TASK DETAILS: Once the line containing "Масові протести в" is found in the entries below, restate it and each following line word for word, stopping after the line containing "百草味去骨凤爪柠檬味零食75g".

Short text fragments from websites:
┌──

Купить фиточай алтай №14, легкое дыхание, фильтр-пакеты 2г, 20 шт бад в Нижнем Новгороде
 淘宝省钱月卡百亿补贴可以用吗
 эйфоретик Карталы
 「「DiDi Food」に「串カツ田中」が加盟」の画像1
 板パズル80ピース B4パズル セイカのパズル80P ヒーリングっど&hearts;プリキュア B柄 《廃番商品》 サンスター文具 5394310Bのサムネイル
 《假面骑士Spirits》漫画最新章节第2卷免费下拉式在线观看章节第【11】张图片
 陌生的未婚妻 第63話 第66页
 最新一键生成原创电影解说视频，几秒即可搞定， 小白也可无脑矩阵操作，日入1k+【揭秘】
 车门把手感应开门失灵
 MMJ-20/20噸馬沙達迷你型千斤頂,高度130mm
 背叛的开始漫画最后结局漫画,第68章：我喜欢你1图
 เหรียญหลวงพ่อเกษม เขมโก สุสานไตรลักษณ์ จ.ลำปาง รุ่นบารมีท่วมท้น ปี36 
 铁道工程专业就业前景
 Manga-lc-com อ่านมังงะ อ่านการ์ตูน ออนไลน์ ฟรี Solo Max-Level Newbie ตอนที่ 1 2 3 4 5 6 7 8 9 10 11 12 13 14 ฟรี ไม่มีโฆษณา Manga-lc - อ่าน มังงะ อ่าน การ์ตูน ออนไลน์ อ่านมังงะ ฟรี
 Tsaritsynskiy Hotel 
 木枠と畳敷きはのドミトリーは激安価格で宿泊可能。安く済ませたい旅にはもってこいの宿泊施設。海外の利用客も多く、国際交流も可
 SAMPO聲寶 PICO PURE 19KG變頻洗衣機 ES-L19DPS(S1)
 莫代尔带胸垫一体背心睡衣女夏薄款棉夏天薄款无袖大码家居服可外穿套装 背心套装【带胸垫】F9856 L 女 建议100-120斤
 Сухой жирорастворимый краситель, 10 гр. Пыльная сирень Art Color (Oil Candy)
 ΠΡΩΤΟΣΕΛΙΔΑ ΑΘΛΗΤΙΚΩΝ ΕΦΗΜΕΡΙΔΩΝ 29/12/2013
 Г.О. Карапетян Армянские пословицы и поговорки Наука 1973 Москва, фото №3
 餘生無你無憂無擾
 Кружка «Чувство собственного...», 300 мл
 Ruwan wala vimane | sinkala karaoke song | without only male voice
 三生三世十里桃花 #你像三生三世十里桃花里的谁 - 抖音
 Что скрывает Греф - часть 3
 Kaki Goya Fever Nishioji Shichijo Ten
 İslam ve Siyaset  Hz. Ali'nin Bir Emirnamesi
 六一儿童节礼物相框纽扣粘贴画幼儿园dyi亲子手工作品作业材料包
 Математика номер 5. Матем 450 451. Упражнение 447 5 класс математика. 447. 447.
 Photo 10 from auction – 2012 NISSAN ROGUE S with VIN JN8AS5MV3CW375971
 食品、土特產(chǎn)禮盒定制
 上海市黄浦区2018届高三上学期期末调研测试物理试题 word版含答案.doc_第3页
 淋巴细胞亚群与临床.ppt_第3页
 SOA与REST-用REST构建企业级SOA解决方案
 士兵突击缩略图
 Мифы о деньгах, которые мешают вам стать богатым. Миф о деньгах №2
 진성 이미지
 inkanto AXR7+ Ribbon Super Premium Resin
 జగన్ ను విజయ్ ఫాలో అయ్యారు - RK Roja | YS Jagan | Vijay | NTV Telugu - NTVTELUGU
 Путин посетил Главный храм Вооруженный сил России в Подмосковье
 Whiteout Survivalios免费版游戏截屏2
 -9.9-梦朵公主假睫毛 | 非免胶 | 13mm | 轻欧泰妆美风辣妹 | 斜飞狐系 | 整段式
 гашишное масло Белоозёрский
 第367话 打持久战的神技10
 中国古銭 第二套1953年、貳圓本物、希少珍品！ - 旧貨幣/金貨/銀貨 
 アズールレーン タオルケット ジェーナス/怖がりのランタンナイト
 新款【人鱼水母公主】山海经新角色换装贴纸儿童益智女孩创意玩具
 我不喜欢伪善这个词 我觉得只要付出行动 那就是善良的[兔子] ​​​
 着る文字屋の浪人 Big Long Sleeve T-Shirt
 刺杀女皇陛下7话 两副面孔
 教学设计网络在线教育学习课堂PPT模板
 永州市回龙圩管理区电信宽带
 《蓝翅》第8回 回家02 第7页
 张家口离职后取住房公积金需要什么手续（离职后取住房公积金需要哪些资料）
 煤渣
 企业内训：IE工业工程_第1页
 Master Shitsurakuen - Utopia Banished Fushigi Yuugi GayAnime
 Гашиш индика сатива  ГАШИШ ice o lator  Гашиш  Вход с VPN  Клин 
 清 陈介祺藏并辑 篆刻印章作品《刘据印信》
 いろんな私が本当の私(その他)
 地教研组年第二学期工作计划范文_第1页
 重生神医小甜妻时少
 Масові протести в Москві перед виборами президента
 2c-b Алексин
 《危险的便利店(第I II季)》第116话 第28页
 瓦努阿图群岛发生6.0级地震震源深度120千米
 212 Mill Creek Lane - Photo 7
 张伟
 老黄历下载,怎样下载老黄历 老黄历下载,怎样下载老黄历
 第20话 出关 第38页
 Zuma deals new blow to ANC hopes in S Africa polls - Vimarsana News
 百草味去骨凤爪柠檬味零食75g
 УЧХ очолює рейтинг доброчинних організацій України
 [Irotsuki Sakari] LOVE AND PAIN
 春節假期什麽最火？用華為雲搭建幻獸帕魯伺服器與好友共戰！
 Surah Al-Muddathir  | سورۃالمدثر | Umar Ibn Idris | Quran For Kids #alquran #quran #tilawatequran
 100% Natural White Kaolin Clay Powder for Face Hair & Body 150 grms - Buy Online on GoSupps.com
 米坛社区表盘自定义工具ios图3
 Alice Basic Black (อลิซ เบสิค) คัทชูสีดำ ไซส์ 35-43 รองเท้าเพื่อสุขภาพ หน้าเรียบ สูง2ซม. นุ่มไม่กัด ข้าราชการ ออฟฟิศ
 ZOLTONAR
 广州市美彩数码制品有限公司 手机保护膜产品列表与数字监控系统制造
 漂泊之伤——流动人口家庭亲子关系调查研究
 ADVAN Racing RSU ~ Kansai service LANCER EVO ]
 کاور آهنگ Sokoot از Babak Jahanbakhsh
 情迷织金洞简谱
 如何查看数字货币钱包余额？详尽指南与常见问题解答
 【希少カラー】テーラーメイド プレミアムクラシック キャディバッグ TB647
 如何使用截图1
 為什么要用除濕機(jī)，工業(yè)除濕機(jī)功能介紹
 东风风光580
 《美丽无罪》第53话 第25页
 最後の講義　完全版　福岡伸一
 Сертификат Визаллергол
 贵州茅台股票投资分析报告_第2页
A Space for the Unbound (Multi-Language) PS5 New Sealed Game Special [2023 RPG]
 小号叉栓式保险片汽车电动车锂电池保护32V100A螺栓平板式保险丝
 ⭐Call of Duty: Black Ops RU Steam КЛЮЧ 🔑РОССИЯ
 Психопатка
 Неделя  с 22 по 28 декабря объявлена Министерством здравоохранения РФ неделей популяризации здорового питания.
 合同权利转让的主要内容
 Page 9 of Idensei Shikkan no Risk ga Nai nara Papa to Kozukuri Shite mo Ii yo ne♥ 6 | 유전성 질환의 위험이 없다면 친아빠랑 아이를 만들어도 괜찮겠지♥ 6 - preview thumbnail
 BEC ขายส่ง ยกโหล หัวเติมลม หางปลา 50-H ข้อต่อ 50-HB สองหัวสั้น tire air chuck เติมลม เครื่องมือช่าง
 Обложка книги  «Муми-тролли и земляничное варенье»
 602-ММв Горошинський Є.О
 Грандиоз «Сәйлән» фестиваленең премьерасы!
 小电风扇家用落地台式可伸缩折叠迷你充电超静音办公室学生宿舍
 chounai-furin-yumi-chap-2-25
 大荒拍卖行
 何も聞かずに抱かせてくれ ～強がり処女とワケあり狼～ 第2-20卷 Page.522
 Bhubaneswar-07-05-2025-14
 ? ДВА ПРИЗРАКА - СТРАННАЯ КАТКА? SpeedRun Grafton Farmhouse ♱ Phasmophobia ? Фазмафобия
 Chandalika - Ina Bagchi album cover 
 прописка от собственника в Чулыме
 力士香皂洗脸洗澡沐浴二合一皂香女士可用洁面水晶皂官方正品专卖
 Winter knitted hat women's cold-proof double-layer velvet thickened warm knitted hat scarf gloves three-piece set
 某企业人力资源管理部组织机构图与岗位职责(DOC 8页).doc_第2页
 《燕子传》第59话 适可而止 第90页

└──

PROBLEM SOLUTION:
 Масові протести в Москві перед виборами президента
 2c-b Алексин
 《危险的便利店(第I II季)》第116话 第28页
 瓦努阿图群岛发生6.0级地震震源深度120千米
 212 Mill Creek Lane - Photo 7
 张伟
 老黄历下载,怎样下载老黄历 老黄历下载,怎样下载老黄历
 第20话 出关 第38页
 Zuma deals new blow to ANC hopes in S Africa polls - Vimarsana News
 百草味去骨凤爪柠檬味零食75g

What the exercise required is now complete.